(Crawled caption data)
----

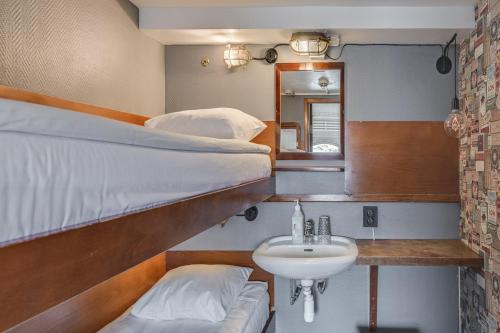 a bathroom with two bunk beds and a sink at Rygerfjord Hotel & Hostel in Stockholm
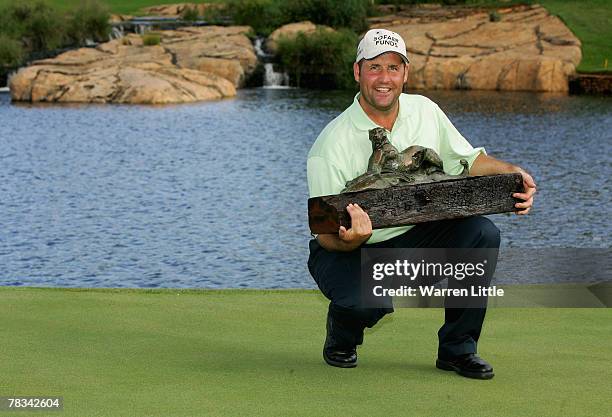 John Bickerton of England poses with the trophy after winning The Alfred Dunhill Championship at The Leopard Creek Country Club on December 9, 2007...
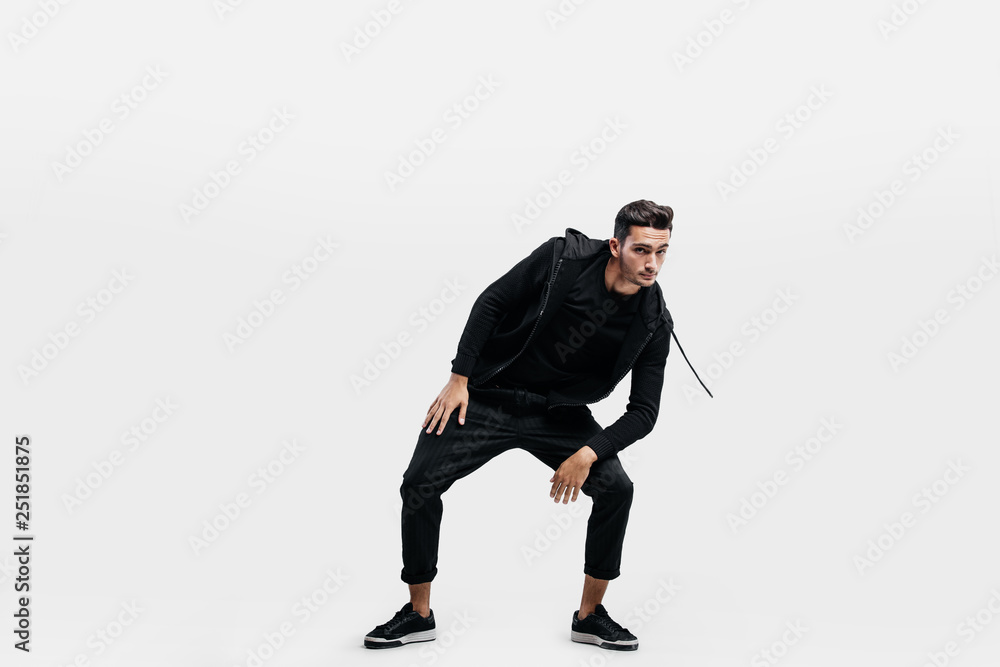 Handsome young man dressed in a sport black clothes is dancing street dance. Handsome young man dressed in a sport black clothes is dancing street dance.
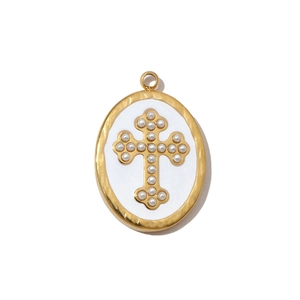 Macro view of gold-plated cross pendant featuring white pearl inlay and enamel oval frame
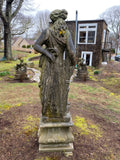 Concrete statue of classical lady on plinth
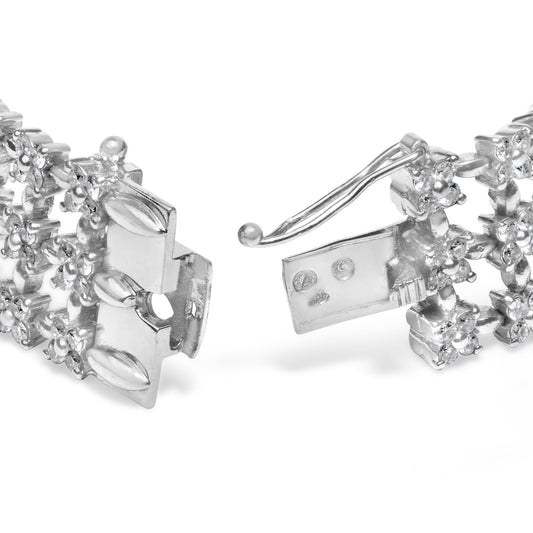 Close-up front angle of a white metal bracelet with round white gemstones in 4-prong settings, showing the clasp open.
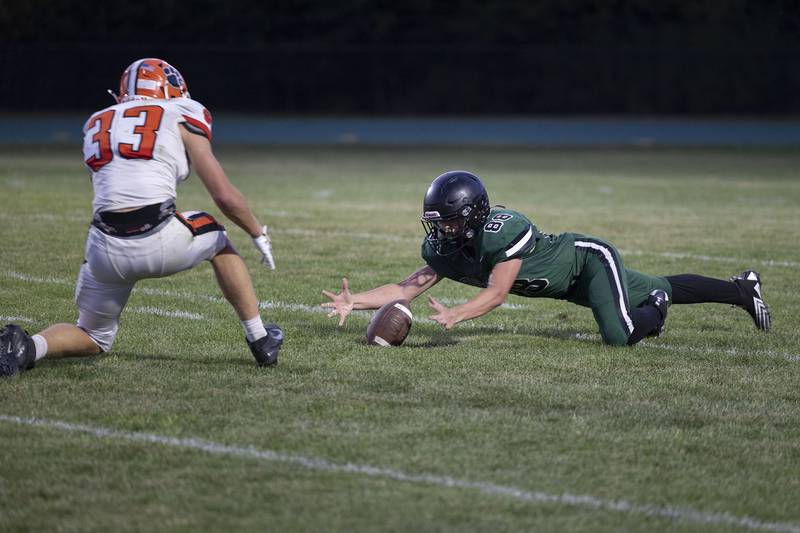 Rock Falls’ Koltyn Stombaugh dives on a bad long snap against Byron Thursday, August 28, 2025.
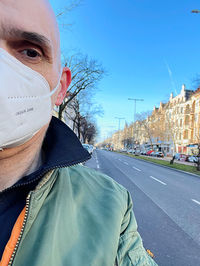 Portrait of man on road against sky in city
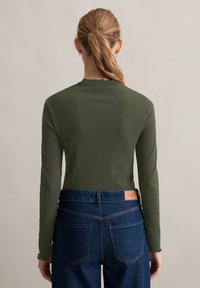Langstukken, geribbelde groene top met een gegolfde halslijn, gecombineerd met donkerblauwe denim jeans met een leren label en achterzakken.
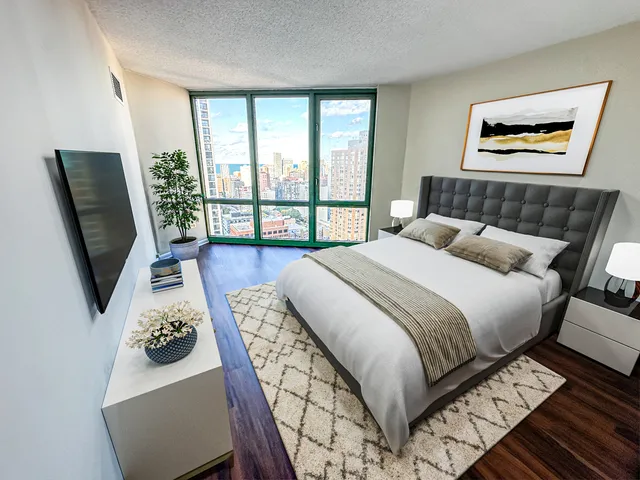 a bedroom with furniture and a flat screen tv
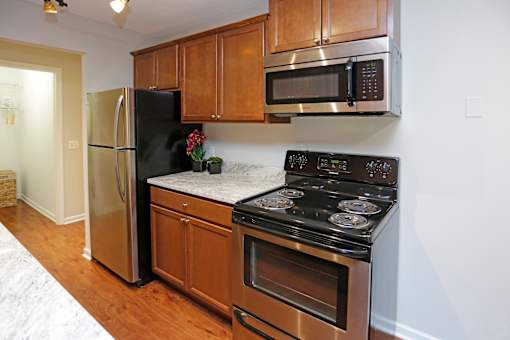 A kitchen with a black stove top oven and a black microwave above it.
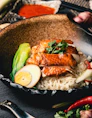 a close up of a bowl of food on a table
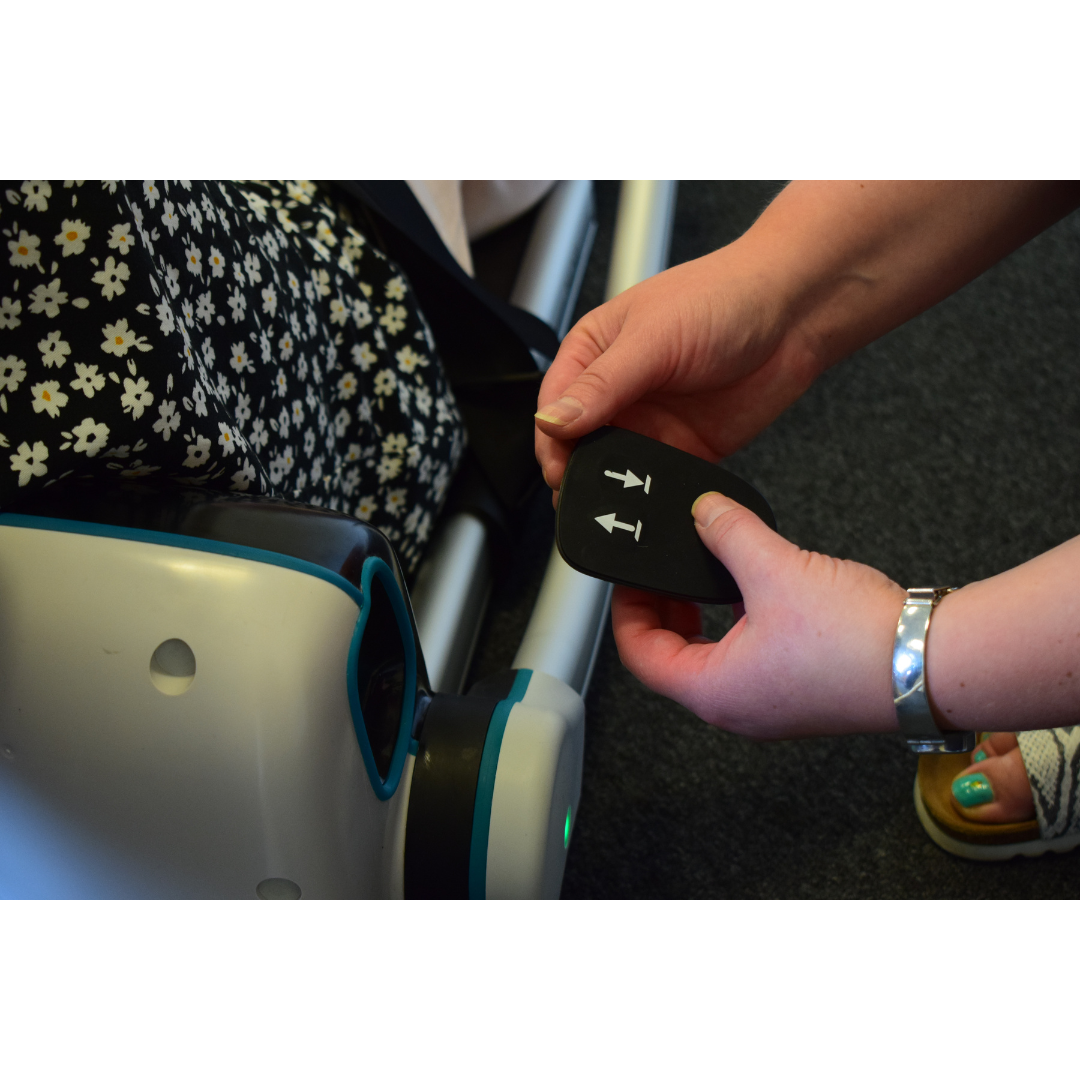 A person adjusts the LiftUp Raizer IIs black strap with white arrow symbols on a stroller, following the user manual. A floral-patterned bag hangs on the stroller, and they wear a silver bracelet and sandals.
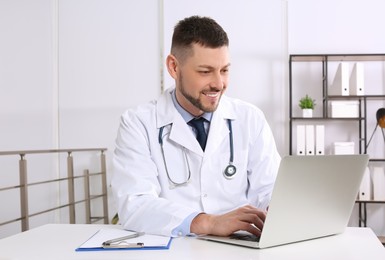 Photo of Pediatrician working on laptop at desk in office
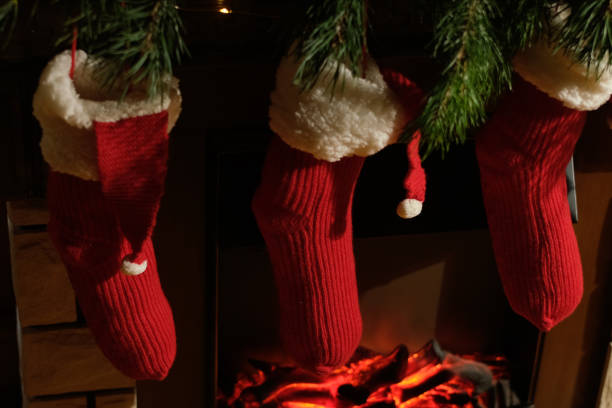 Christmas stockings hanging over fireplace.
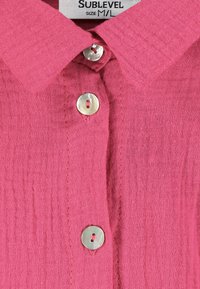 Roze overhemd met knoopsluiting van een geprofileerde stof. Bevat een kraag en drie glanzende zilveren knopen aan de voorkant. Maatlabel zichtbaar.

----

Exercise objective: Repeat the lines exactly as they stand, from the opening line of the data through the line with "Macro view of". Pictures stay out of the copy.

Response to this exercise:
 a bathroom with two bunk beds and a sink at Rygerfjord Hotel & Hostel in Stockholm
 John Bickerton of England poses with the trophy after winning The Alfred Dunhill Championship at The Leopard Creek Country Club on December 9, 2007...
 Handsome young man dressed in a sport black clothes is dancing street dance. Handsome young man dressed in a sport black clothes is dancing street dance.
 Macro view of gold-plated cross pendant featuring white pearl inlay and enamel oval frame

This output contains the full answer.